Gov. Brian Kemp has signed into law a measure creating a limited process for reviewing tax credits while also adding more special-interest tax breaks.
A pair of legislative leaders can now ask auditors to take a critical look at whether the state is benefiting from the tax perks usually passed in the name of job creation but that cost the state treasury billions of dollars every year.
The chairs of the Senate Finance and House Ways and Means committees will both get a crack at requesting up to five economic analyses each year. Nearly $200,000 was put in this year’s budget to pay for the program.
Kemp vetoed a similar measure in 2019 over concerns about the way the reviews would be done. Lawmakers recast their plans this year, setting up the state Department of Audits to hire an independent auditor to do the analysis.
Kemp signed the bill Tuesday at the Cobb Chamber of Commerce. The governor called it “the logical next step in our efforts to support businesses producing life-saving medical devices and supplies here in the Peach State,” referring to one of several tax breaks added or extended through the bill.
Lawmakers have created dozens of tax breaks over the years, including a popular one often credited with attracting the film industry to Georgia and another that sets aside $60 million every year to reward donors who give to struggling rural hospitals.
Before now, there was no established plan to scrutinize whether the many special-interest tax breaks on the books live up to the benefits touted when they were created. Occasionally, the state’s auditor or legislative panels have examined some tax breaks, like the film and rural hospital tax credits, but there was no routine review.
“This is a great step forward to keep Georgia the #1 place to do business while measuring the return on investment of our tax credits,” Sen. John Albers, a Roswell Republican who sponsored the bill, said in a statement Tuesday. “This responsible and reasonable approach will ensure continued success and accountability.”
Since the new law and funding takes effect July 1, the state Department of Audits plans to start receiving requests for economic analyses by next May. When asked Tuesday, Albers said that “requests for analysis will be done shortly.”
As such, it is our intention to receive requests for economic analyses by May 1, 2022
The measure also became what is often referred to in legislative parlance as a “Christmas tree” bill after lawmakers used it to add or extend tax credits and tried to renew a costly rural jobs program that the GOP chair of the Senate Finance Committee, Sen. Chuck Hufstetler, has called a scam.
The rural jobs component was discarded but the new tax credits – such as one meant to help Lockheed Martin compete for military contracts – remained in the bill.
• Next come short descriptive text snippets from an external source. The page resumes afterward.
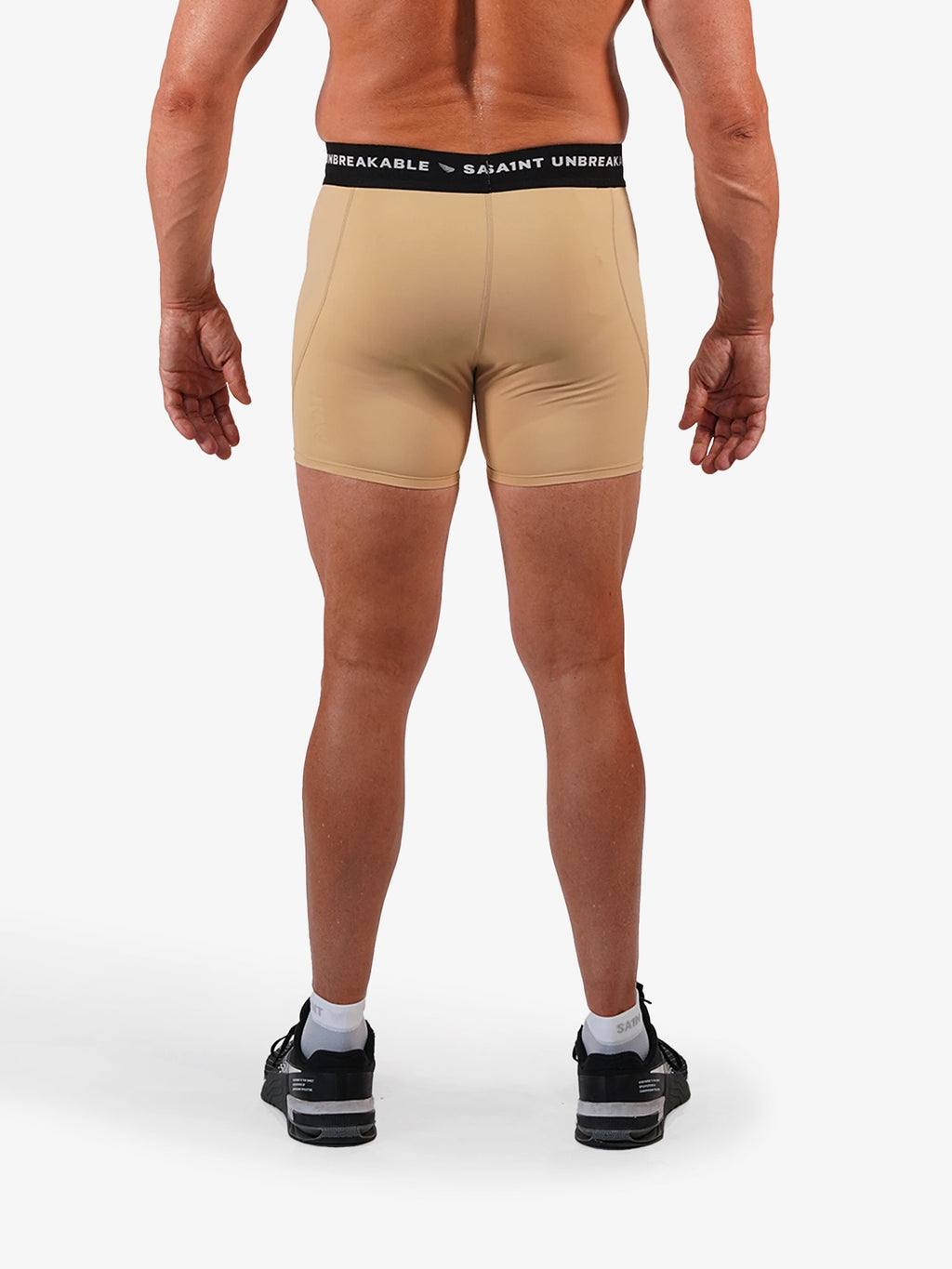 Mens Compression Game-Day 1/2 Shorts - Beige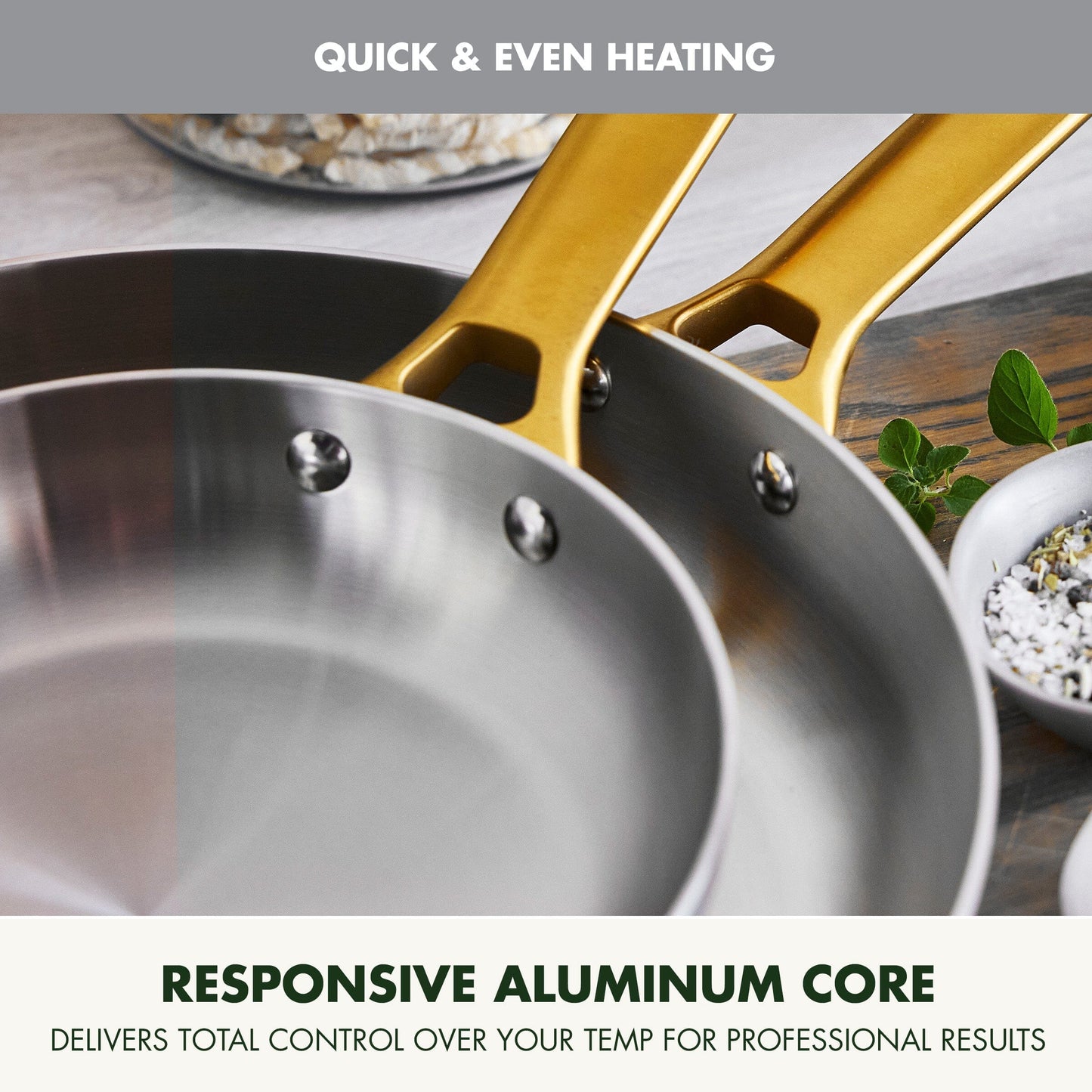 GreenPan Reserve Stainless Steel Open Fry Pan Set
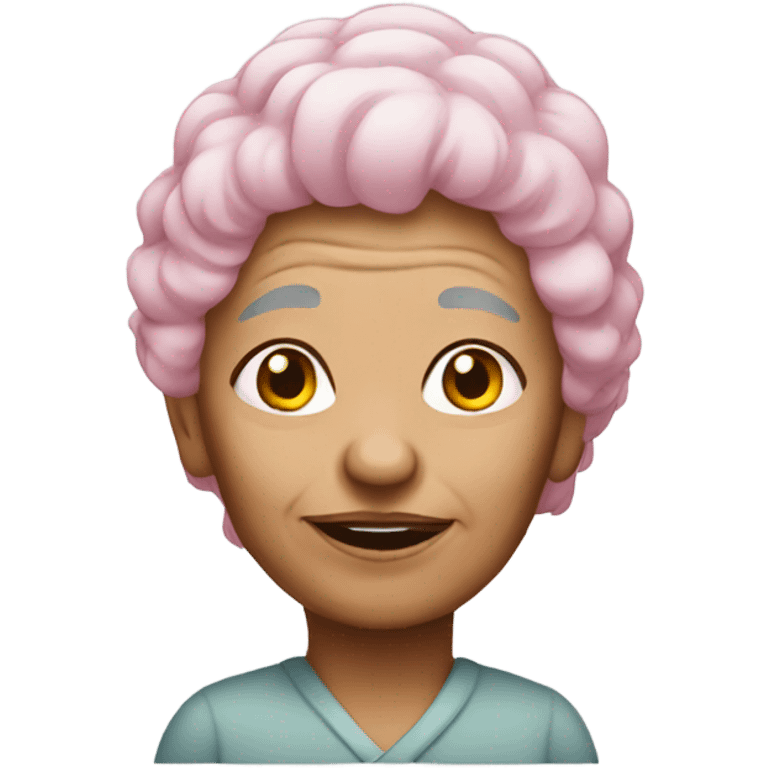 Old woman with pink hair emoji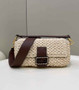 Fendi 8BR600 Baguette Dark Beige raffia with crocheted FF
Because of the new tax credits, the bill is a “mixed bag of changes,” said Danny Kanso, policy analyst with the Georgia Budget and Policy Institute.
The new tax perks could also jeopardize more than $50 million in federal funding, since the coronavirus relief aid is not supposed to “directly or indirectly” offset a reduction in revenues, Kanso said.
“The bill creates a new process for the General Assembly to review existing and proposed special-interest tax breaks, a positive step forward that will give lawmakers new tools to evaluate and trim back the many subsidies that do not deliver on their promise,” Kanso said.
“However, the inclusion of several new corporate tax breaks, including a hefty incentive aimed at Lockheed Martin, could not only further carve into state revenues but may also jeopardize over $50 million in federal funding — which means less money for the state to fund critical priorities like broadband, our public schools or health services.”
A bipartisan proposal to create a special panel on “tax reform and fairness,” which would have undertaken a sweeping review of the state’s tax structure, easily cleared the state Senate this year. But the measure was overwhelmingly defeated in the House, where opponents said they were wary the proposal was a cover to raise taxes.